Town of Canterbury v. Deojay

971 A.2d 70, 114 Conn. App. 695, 2009 Conn. App. LEXIS 195
CourtConnecticut Appellate Court
DecidedJune 2, 2009
DocketAC 29602
StatusPublished
Cited by7 cases

This text of 971 A.2d 70 (Town of Canterbury v. Deojay) is published on Counsel Stack Legal Research, covering Connecticut Appellate Court primary law. Counsel Stack provides free access to over 12 million legal documents including statutes, case law, regulations, and constitutions.

Bluebook
Town of Canterbury v. Deojay, 971 A.2d 70, 114 Conn. App. 695, 2009 Conn. App. LEXIS 195 (Colo. Ct. App. 2009).

Opinion

Opinion

ROBINSON, J.

The aesthetic pleasure that results from the transformation of a neglected piece of property *697 into a blueberry farm cannot override the requirements of the state and local zoning regulations. The defendants, Christopher Deojay and Tina Deojay, appeal from the judgment of the trial court enjoining them from performing any further work on their property and imposing a fine, costs and fees. We affirm the judgment of the trial court.
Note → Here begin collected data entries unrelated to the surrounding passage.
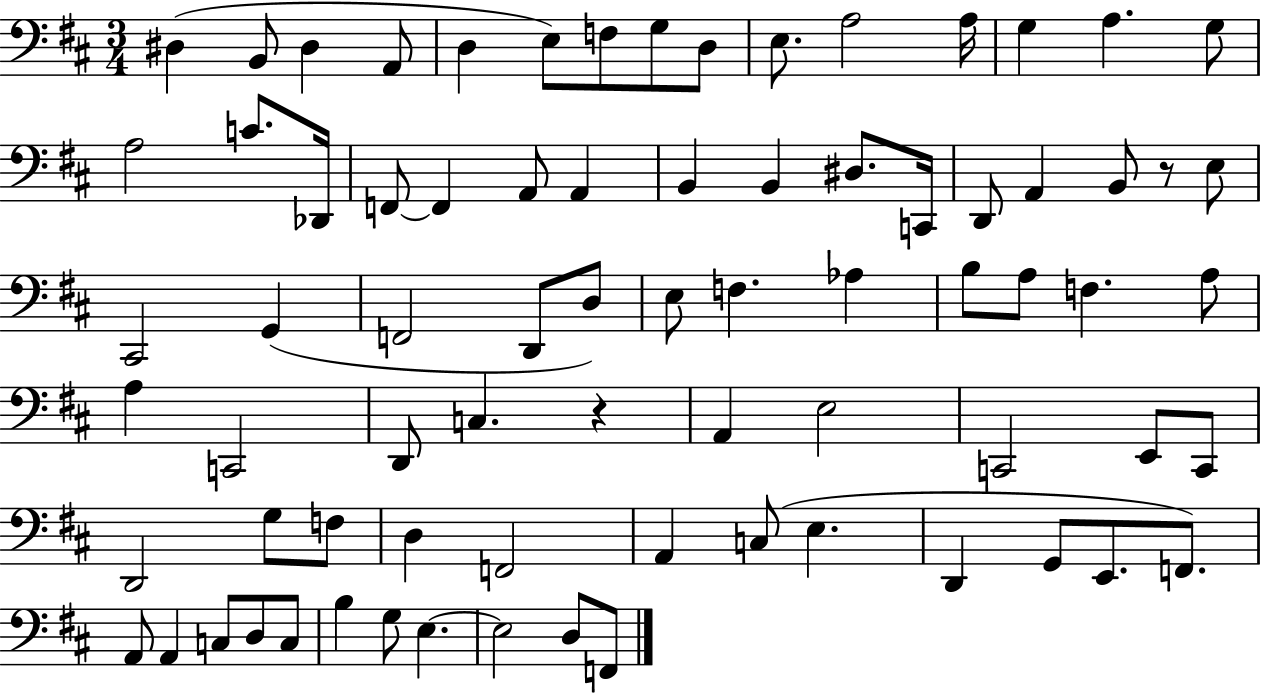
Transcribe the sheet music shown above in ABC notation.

X:1
T:Untitled
M:3/4
L:1/4
K:D
^D, B,,/2 ^D, A,,/2 D, E,/2 F,/2 G,/2 D,/2 E,/2 A,2 A,/4 G, A, G,/2 A,2 C/2 _D,,/4 F,,/2 F,, A,,/2 A,, B,, B,, ^D,/2 C,,/4 D,,/2 A,, B,,/2 z/2 E,/2 ^C,,2 G,, F,,2 D,,/2 D,/2 E,/2 F, _A, B,/2 A,/2 F, A,/2 A, C,,2 D,,/2 C, z A,, E,2 C,,2 E,,/2 C,,/2 D,,2 G,/2 F,/2 D, F,,2 A,, C,/2 E, D,, G,,/2 E,,/2 F,,/2 A,,/2 A,, C,/2 D,/2 C,/2 B, G,/2 E, E,2 D,/2 F,,/2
The following facts and procedural history are necessary for our resolution of the defendants’ appeal. The defendants purchased property located at 234 North Society Road in Canterbury in October, 2004. Donald Aubrey, the town engineer, testified that the property at that time “was like a jungle, would be the best word in the common language. It was almost impenetrable. You could not see the house to the rear from the road.” He also testified that in addition to “the residence in the rear, there was an abandoned house in the front, left-hand comer of the property, some outbuildings primarily, to the right of the driveway there was a tremendous amount of farm debris, implements, a trailer, heavily littered with very heavy secondary growing up through all of that.” Christopher Deojay testified that at the time he bought the property, there was a trailer, a house and a residential garage on the property, all of which have since been removed.
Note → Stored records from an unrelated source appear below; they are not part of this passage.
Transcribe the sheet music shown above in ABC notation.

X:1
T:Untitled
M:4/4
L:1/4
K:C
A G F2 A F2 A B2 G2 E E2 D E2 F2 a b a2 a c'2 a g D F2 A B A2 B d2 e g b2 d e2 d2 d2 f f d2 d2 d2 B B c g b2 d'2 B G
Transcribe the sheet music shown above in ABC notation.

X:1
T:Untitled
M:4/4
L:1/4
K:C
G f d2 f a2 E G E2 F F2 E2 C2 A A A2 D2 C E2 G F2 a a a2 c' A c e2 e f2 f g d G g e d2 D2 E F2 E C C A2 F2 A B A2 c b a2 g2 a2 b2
On November 5, 2004, Christopher Deojay filed an application for a certificate of zoning compliance with the plaintiff town of Canterbury (town), in which he noted that there were wetlands or watercourses on the property and described the activity to take place on the property as residential in nature. He did not indicate on the application any intention to use the property for agricultural purposes. 1 He testified that he did not *698 mention his intention to conduct farming on the property “because I felt it was exempt.”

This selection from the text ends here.